#### [EXERCISE DETAILS]
Beginning with the line that contains "Womens Pink Waffle" and ending with the line that contains "Colorful Fractal Dolphin", reproduce the lines of the entries below exactly, omitting pictures.

#### [INPUT MATERIAL]
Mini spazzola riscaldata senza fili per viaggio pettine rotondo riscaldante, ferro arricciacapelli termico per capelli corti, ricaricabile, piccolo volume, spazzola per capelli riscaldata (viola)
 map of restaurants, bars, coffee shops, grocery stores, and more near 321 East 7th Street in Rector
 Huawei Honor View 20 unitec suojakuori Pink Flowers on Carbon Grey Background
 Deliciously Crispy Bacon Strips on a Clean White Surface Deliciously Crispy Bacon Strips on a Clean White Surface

--

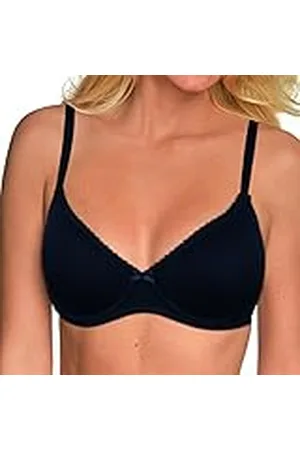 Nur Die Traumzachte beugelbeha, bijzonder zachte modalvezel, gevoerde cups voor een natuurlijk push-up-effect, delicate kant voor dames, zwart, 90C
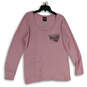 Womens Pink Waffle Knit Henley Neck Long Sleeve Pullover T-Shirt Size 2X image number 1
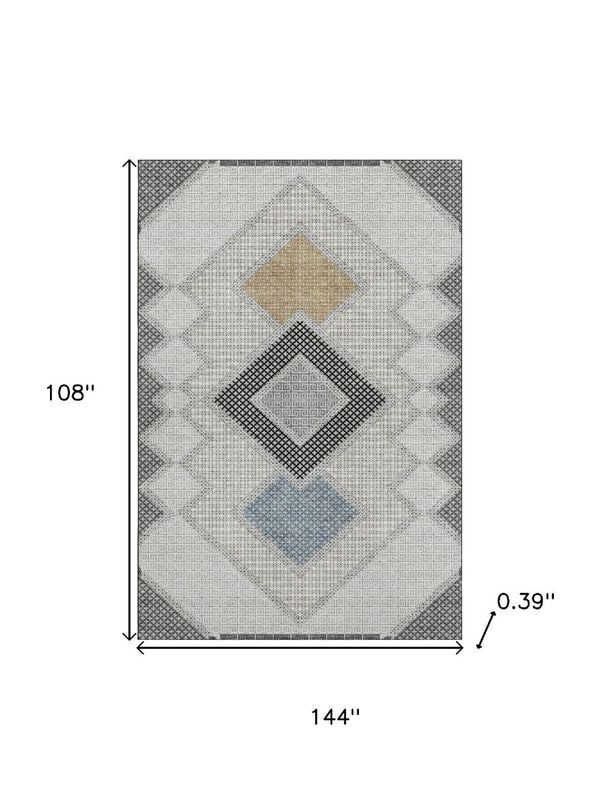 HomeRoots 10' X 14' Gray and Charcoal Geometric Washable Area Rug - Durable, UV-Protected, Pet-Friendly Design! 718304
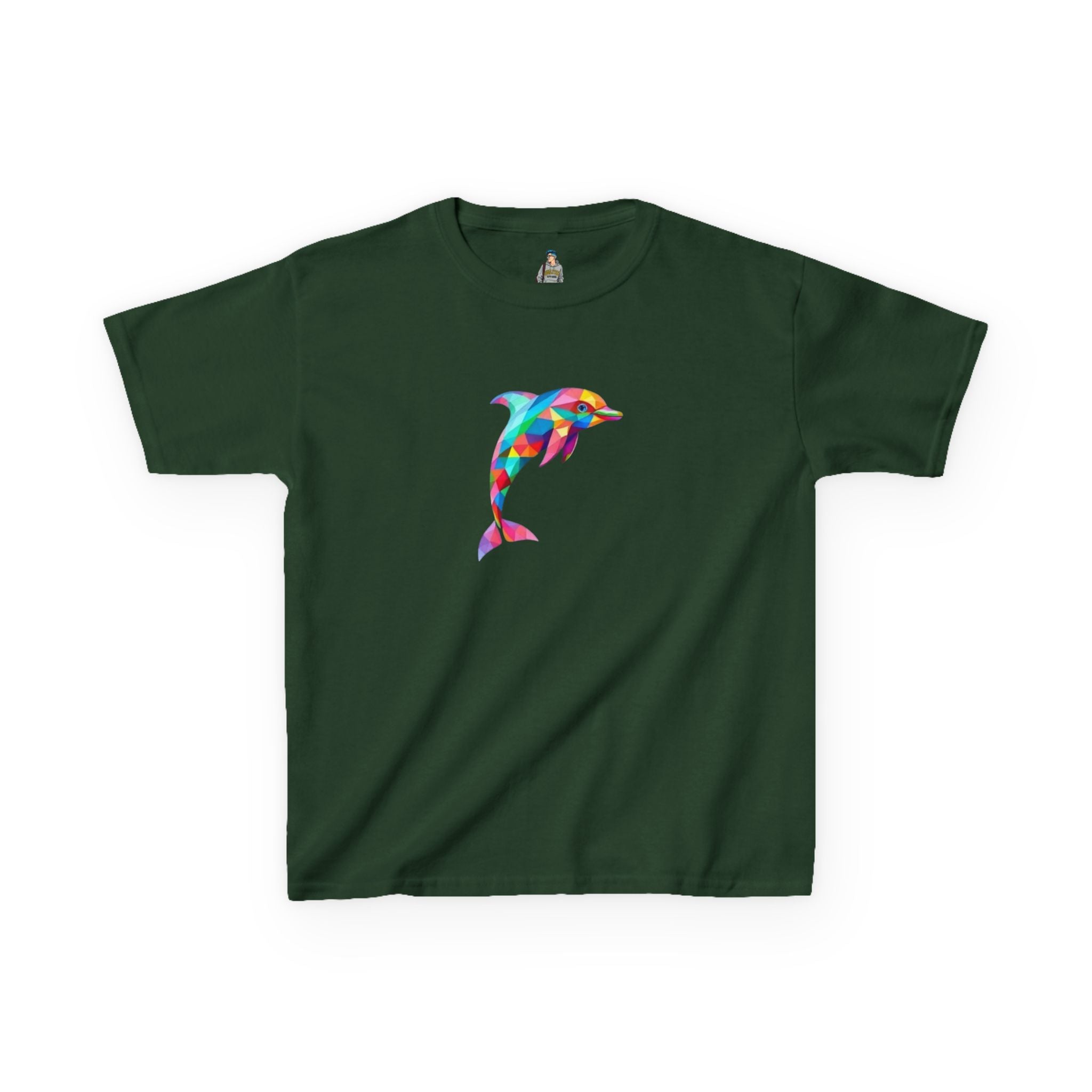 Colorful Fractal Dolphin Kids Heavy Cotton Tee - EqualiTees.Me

==

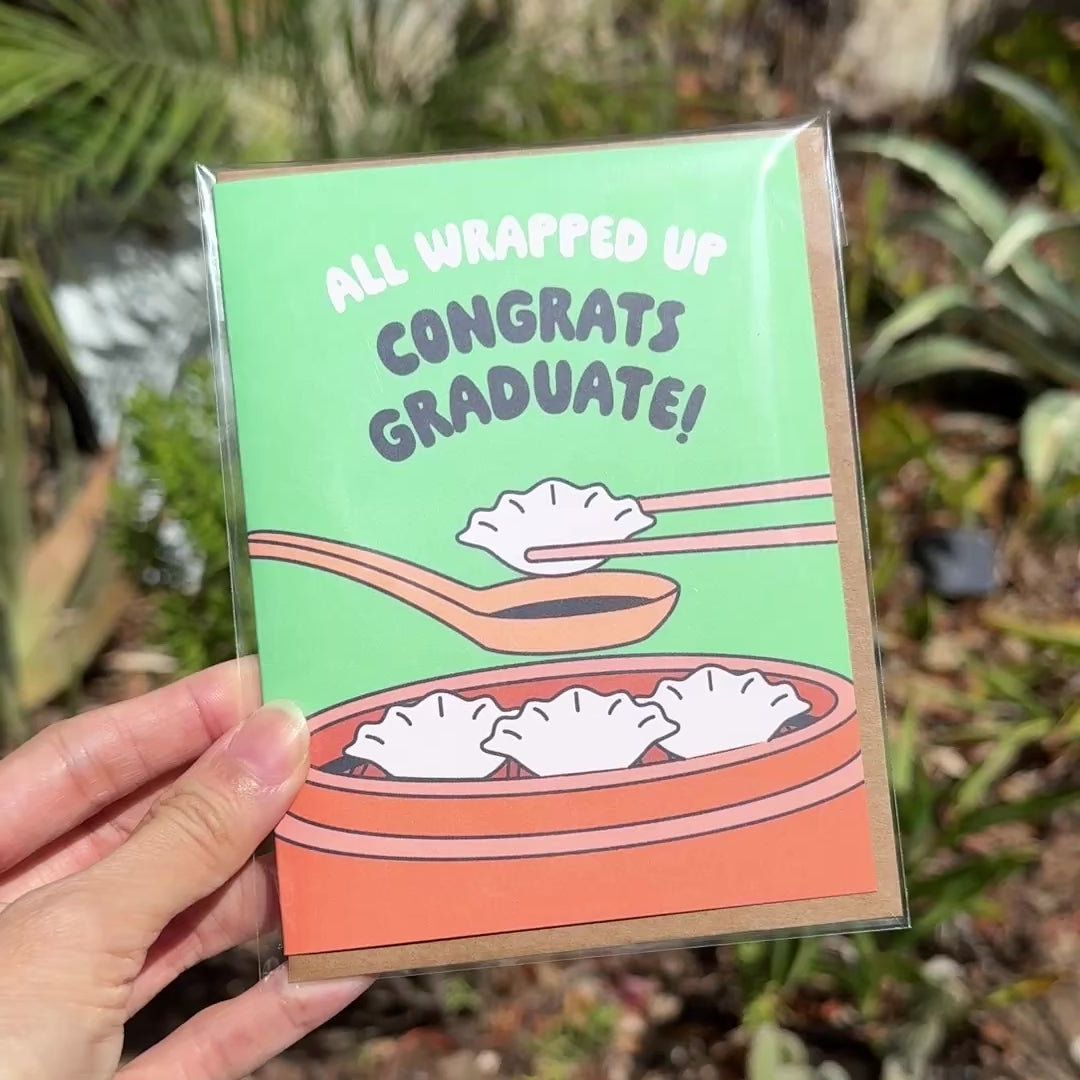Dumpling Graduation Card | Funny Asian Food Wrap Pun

#### [OUTPUT FOR THIS TASK]
 Womens Pink Waffle Knit Henley Neck Long Sleeve Pullover T-Shirt Size 2X image number 1
 HomeRoots 10' X 14' Gray and Charcoal Geometric Washable Area Rug - Durable, UV-Protected, Pet-Friendly Design! 718304
 Colorful Fractal Dolphin Kids Heavy Cotton Tee - EqualiTees.Me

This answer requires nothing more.